Artemis II astronauts say goodbye to their families before historic moon launch
The Artemis II astronauts have waved goodbye to their families and friends as they prepare to launch on their voyage around the moon.
Jeremy Hansen, Victor Glover, Reid Wiseman and Christina Koch are about to embark on their 10-day trip to the moon and back for the first time in 53 years.
Glover was seen mouthing ‘I love you’ to each of his family members in matching t-shirts and giving a thumbs up before the voyagers boarded a shuttle bus on their way to the launch pad 39B.
The launch now looks likely to go ahead with the crew all in their flight suits and good weather conditions.
Waving to family, colleagues and news photographers, the crew boarded the so-called astrovan for the 9-mile ride to the launch pad and their awaiting SLS rocket.
(Picture: AFP or licensors)
Before their highly anticipated walkout, commander Reid Wiseman and his crew played a quick card game with NASA’s chief astronaut Scott Tingle.
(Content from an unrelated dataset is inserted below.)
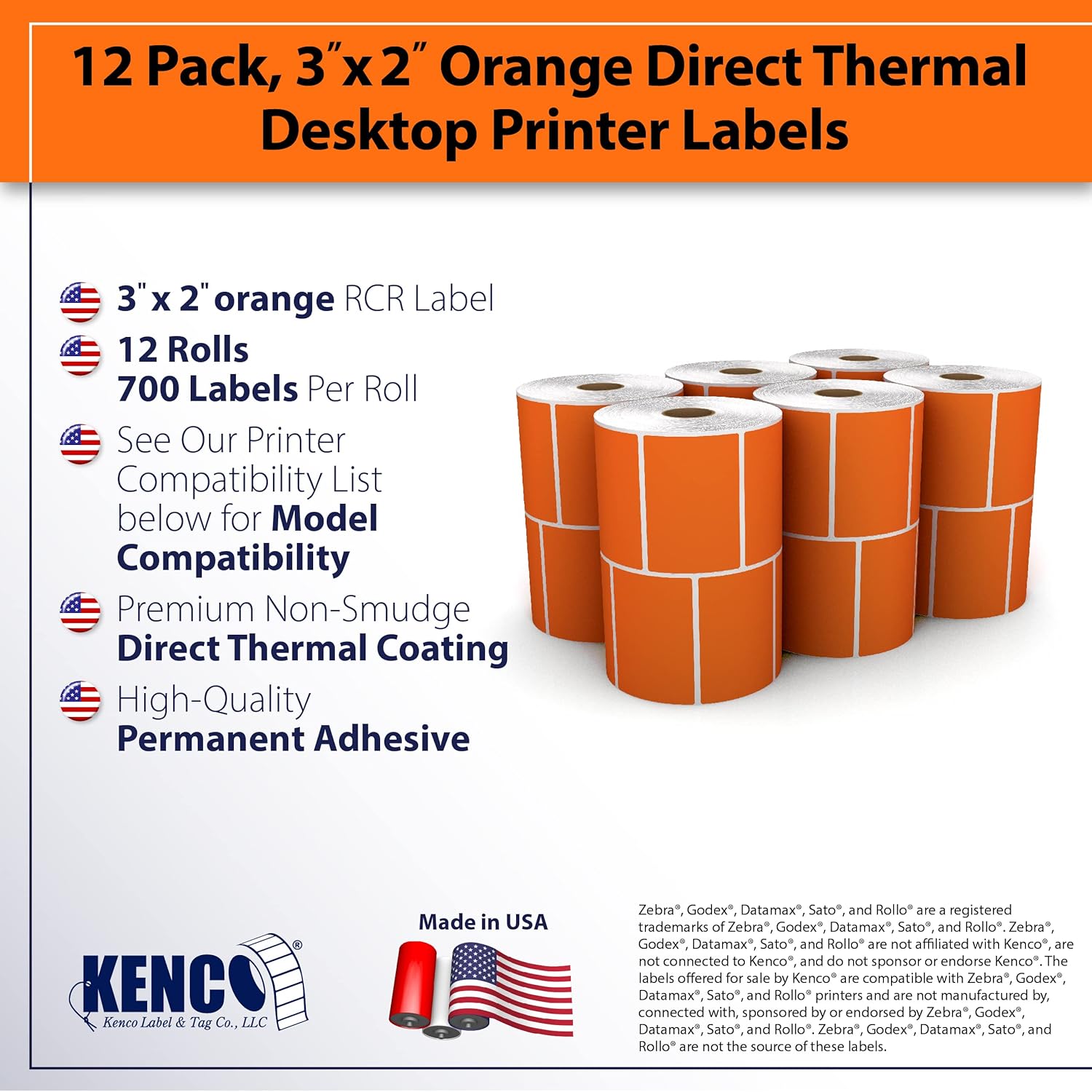 3” X 2" Direct Thermal Perforated Stickers Labels for Barcodes, Address, Small Business Labeling, Inventory and Color Coding - Compatible with Zebra, Rollo, Munbyn, and More (Orange, 12 Rolls)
It’s a preflight tradition since the space shuttle era.
Losing is good: It means the astronaut has gotten rid of all bad luck before launching.
The four thanked the suit techs and posed for photos, keeping a safe distance from many of the bystanders to avoid germs.
They then went down the elevator at the Neil Armstrong Operations & Checkout Building and walk out to a barrage of cameras and cheers.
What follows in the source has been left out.